■ Work request
Pictures are to be left out; every line from the one that holds "czółenka beżowe na obcasie" to the end of the data is to be retyped exactly.

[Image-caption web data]
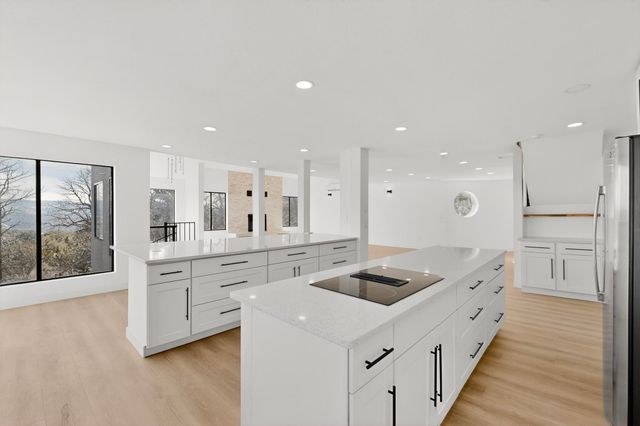 5 Pine Tree Court, Cedar Crest, NM 87008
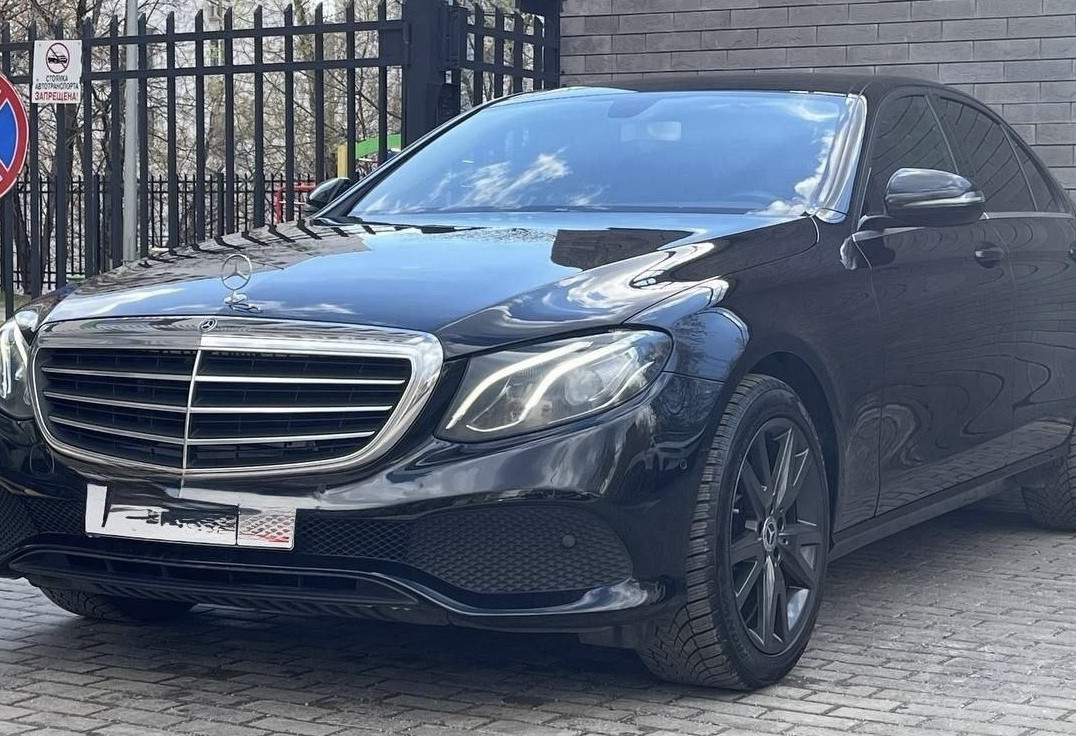 Аренда mercedes-benz e-klass бизнес класса 2020 года в городе Москва Коломенская от 6000 руб./сутки, задний привод, двигатель: дизель, объем 2 литра, ОСАГО (Впишу в полис), без водителя, недорого - RentRide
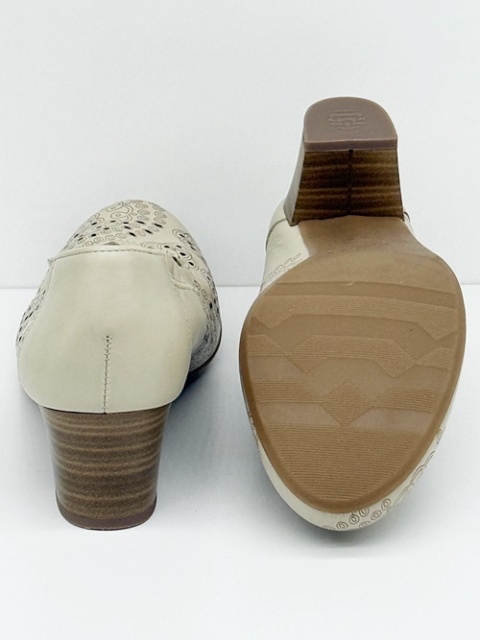 czółenka beżowe na obcasie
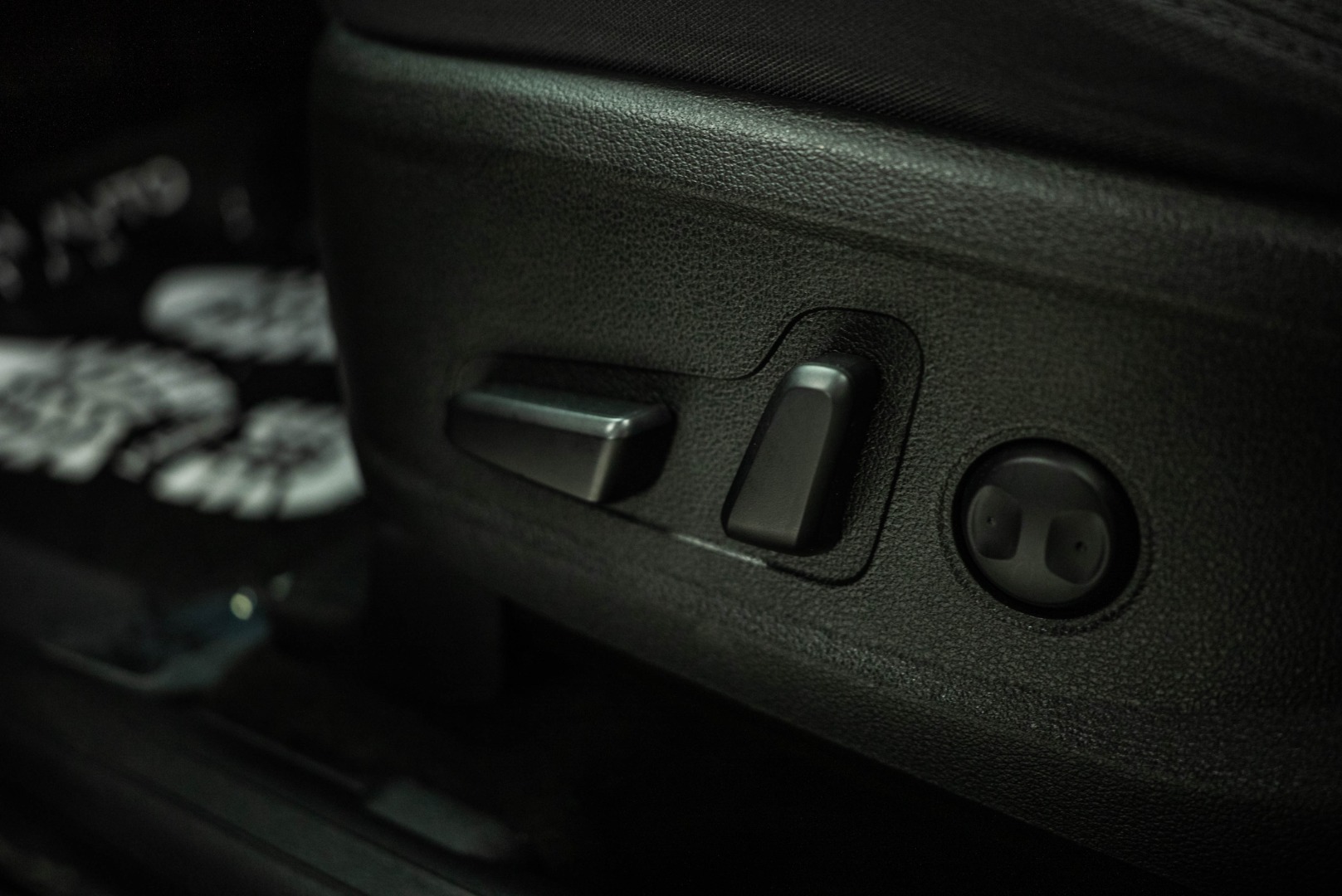 2023 Hyundai Santa Fe SEL - Photo 17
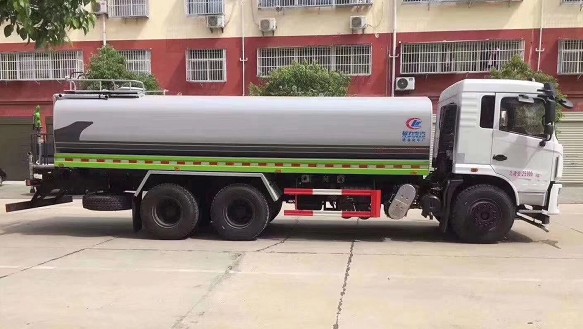 國六20方東風專底D3S后雙橋灑水車圖片 國六20方東風專底D3S后雙橋灑水車圖片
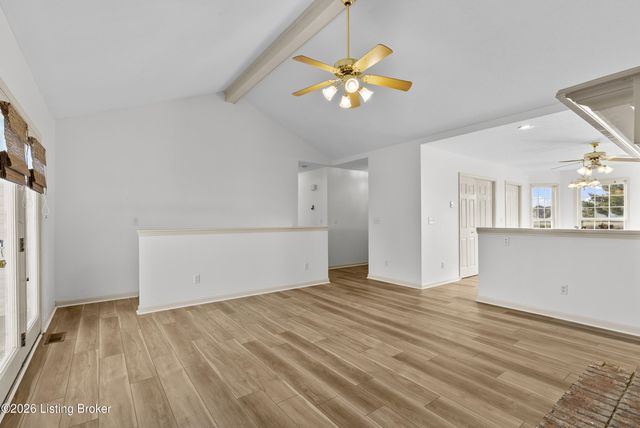 244 Meadow Lake Dr, Taylorsville, KY 40071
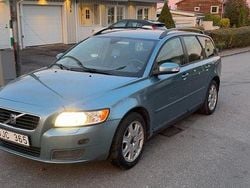 Blå Begagnad 2008 Volvo V50 Kinetic Kombi | 45 000 kr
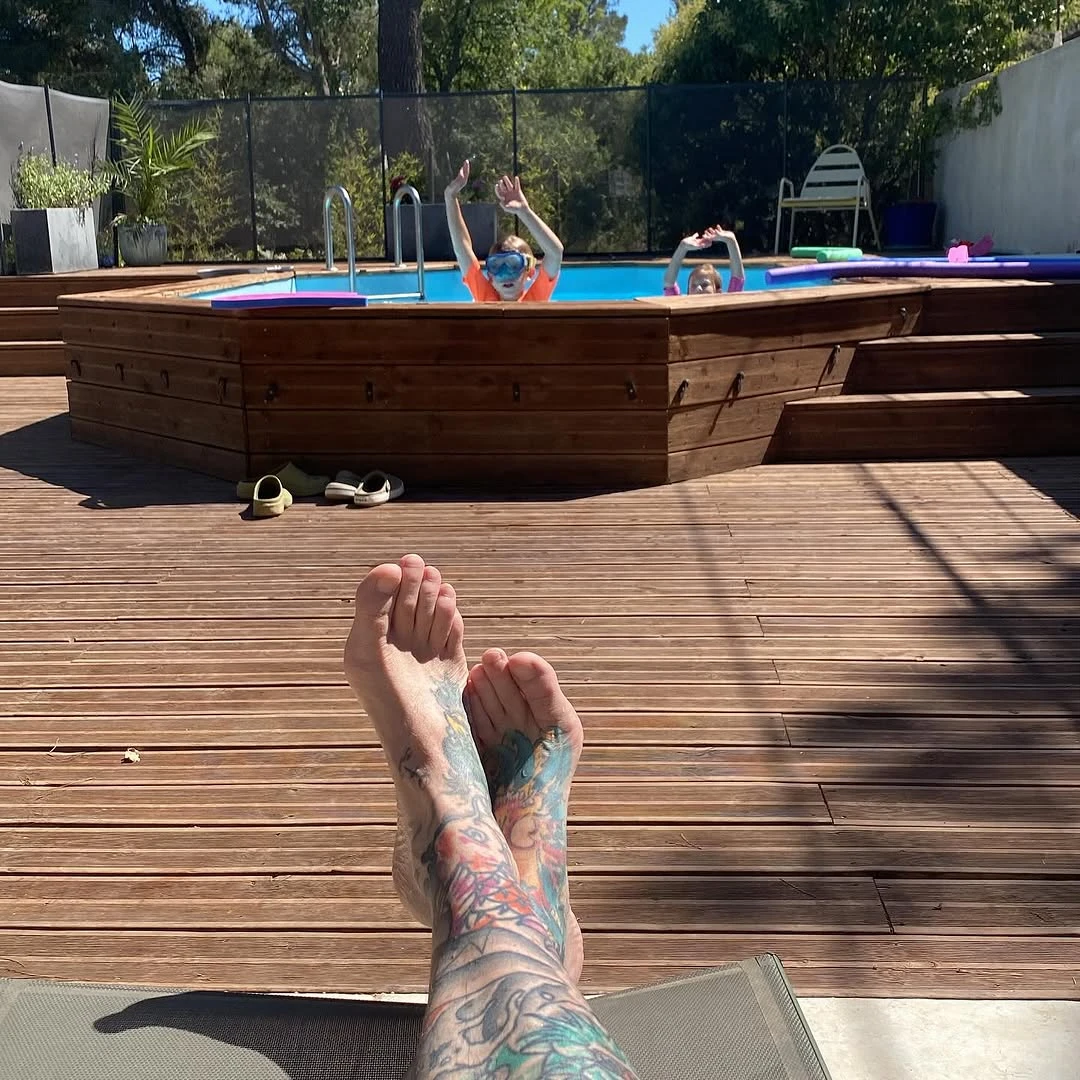 Comme un avant-goût de vacances… je serai au shop cette semaine encore ; plus pour longtemps !! @fishermantattooclub #yenamarre #cestlesvacances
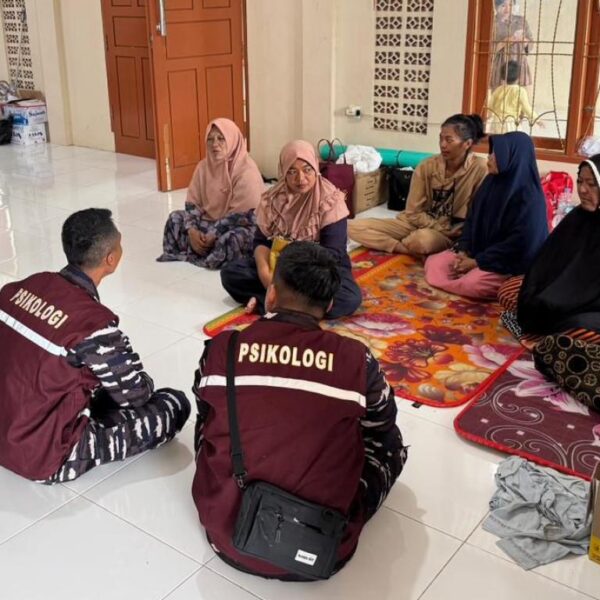 TNI AL Berikan Dukungan Psikologi pada Masyarakat Terdapak Bencana di Lubuk Minturun, Padang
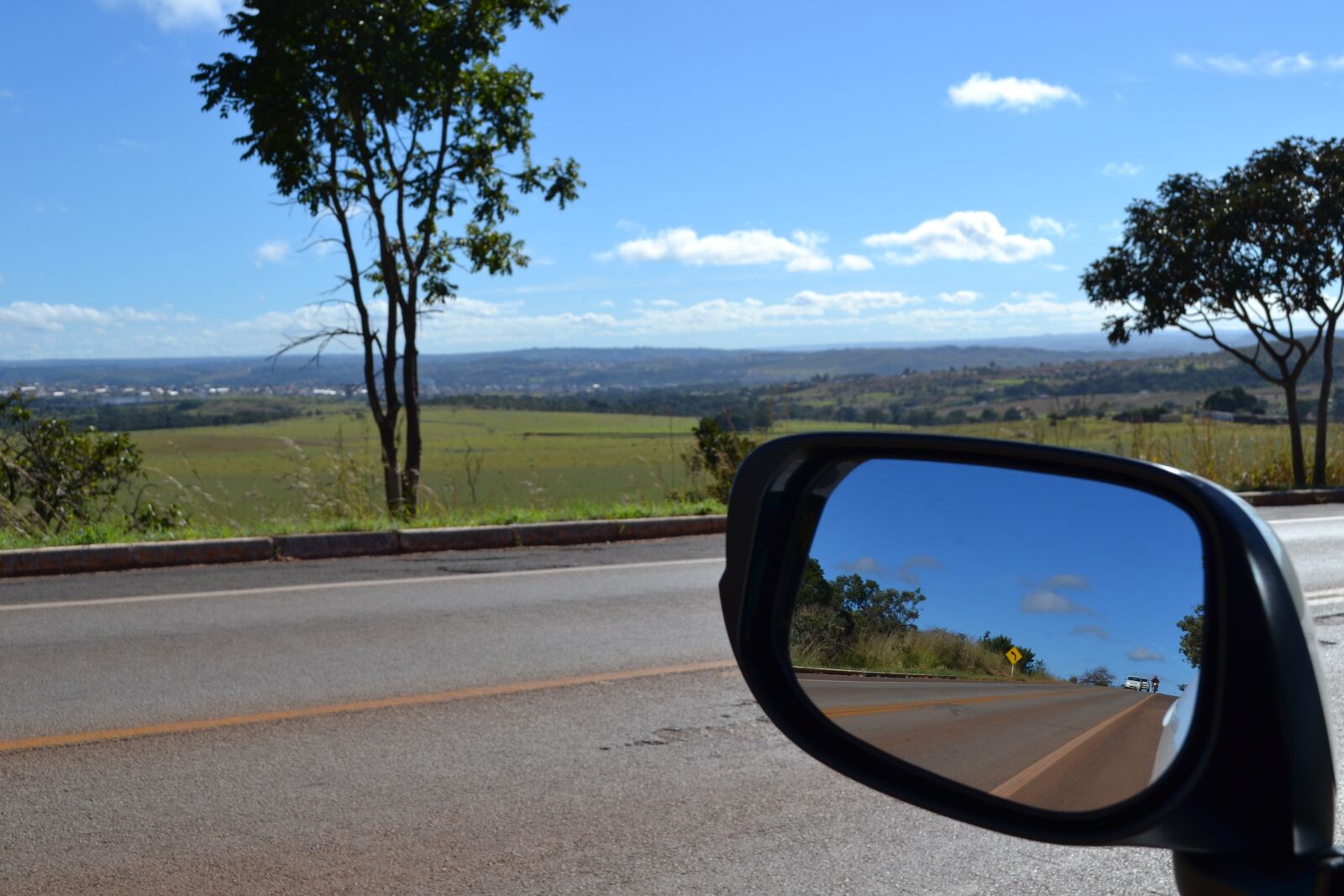 Nikon D3100 sample photo. Car, road, cerrado photography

■ Output of the task
 czółenka beżowe na obcasie
 2023 Hyundai Santa Fe SEL - Photo 17
 國六20方東風專底D3S后雙橋灑水車圖片 國六20方東風專底D3S后雙橋灑水車圖片
 244 Meadow Lake Dr, Taylorsville, KY 40071
 Blå Begagnad 2008 Volvo V50 Kinetic Kombi | 45 000 kr
 Comme un avant-goût de vacances… je serai au shop cette semaine encore ; plus pour longtemps !! @fishermantattooclub #yenamarre #cestlesvacances
 TNI AL Berikan Dukungan Psikologi pada Masyarakat Terdapak Bencana di Lubuk Minturun, Padang
 Nikon D3100 sample photo. Car, road, cerrado photography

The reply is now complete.